Look below for the line containing "Round bottle pharmaceutical". Write out that line and the rest through the last one, exactly as they appear, but without pictures.

__COLLECTED DATA__.

···

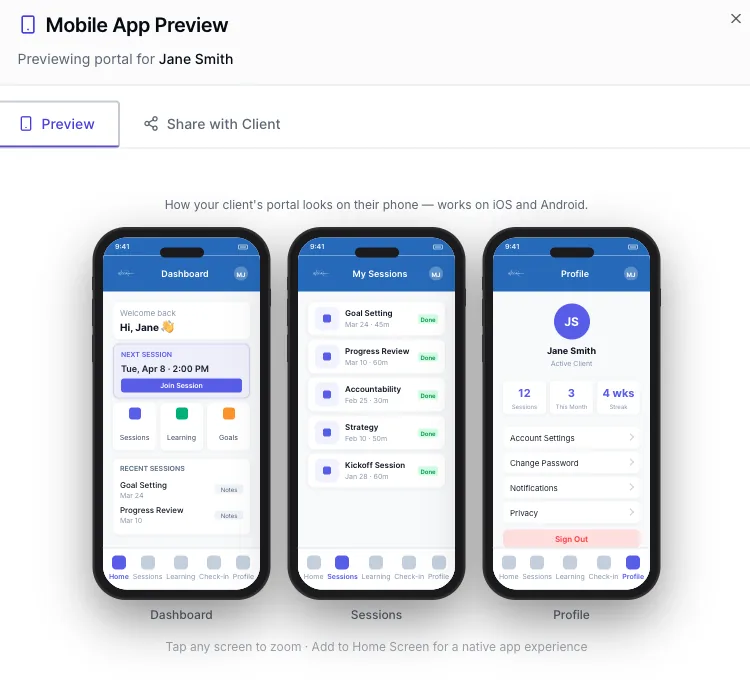 ClickCoach mobile client portal on phone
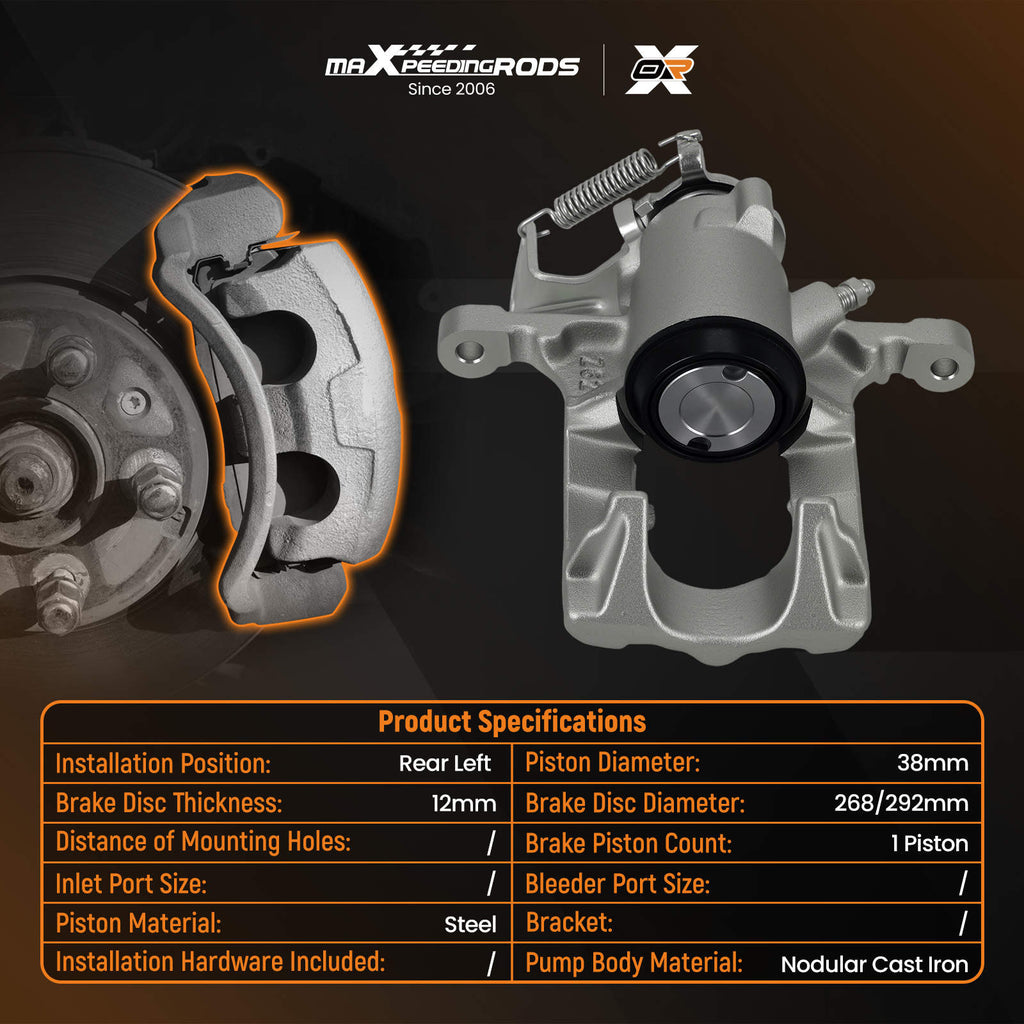 Floating Brake Caliper Rear Left compatible for Opel Mokka 2012- Compatible for Chevrolet Trax 430441 38mm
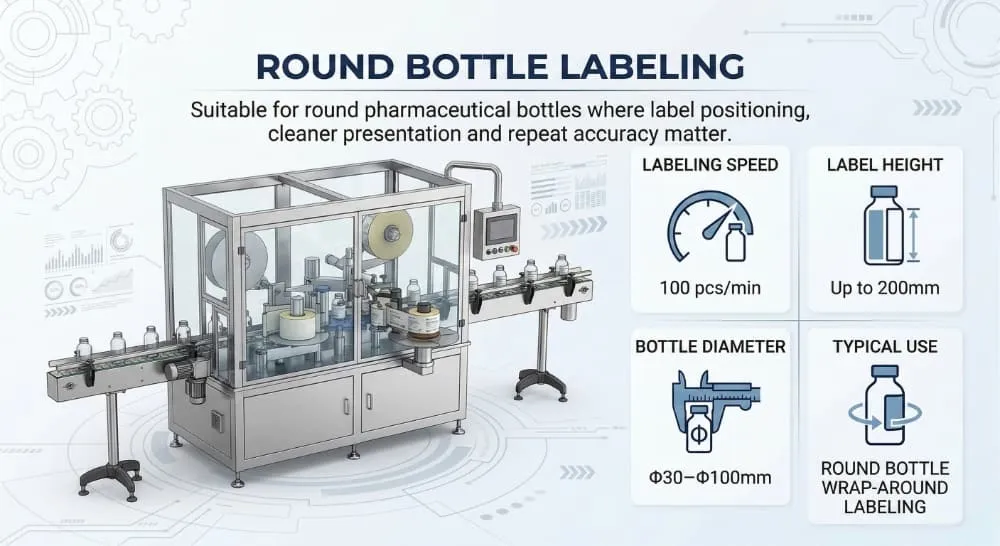 Round bottle pharmaceutical labeling schematic for wrap-around label application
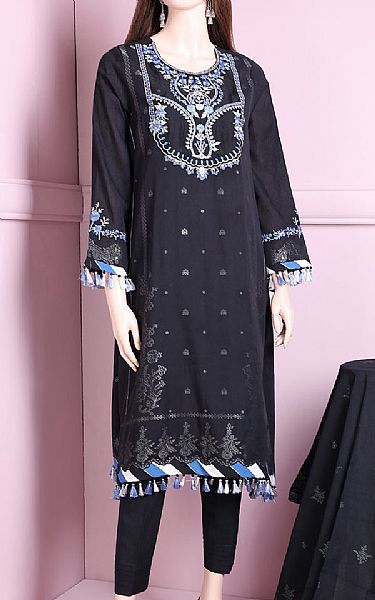 Saya Black Jacquard Suit | Pakistani Lawn Suits- Image 1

···

__WRITTEN SOLUTION__.
 Round bottle pharmaceutical labeling schematic for wrap-around label application
 Saya Black Jacquard Suit | Pakistani Lawn Suits- Image 1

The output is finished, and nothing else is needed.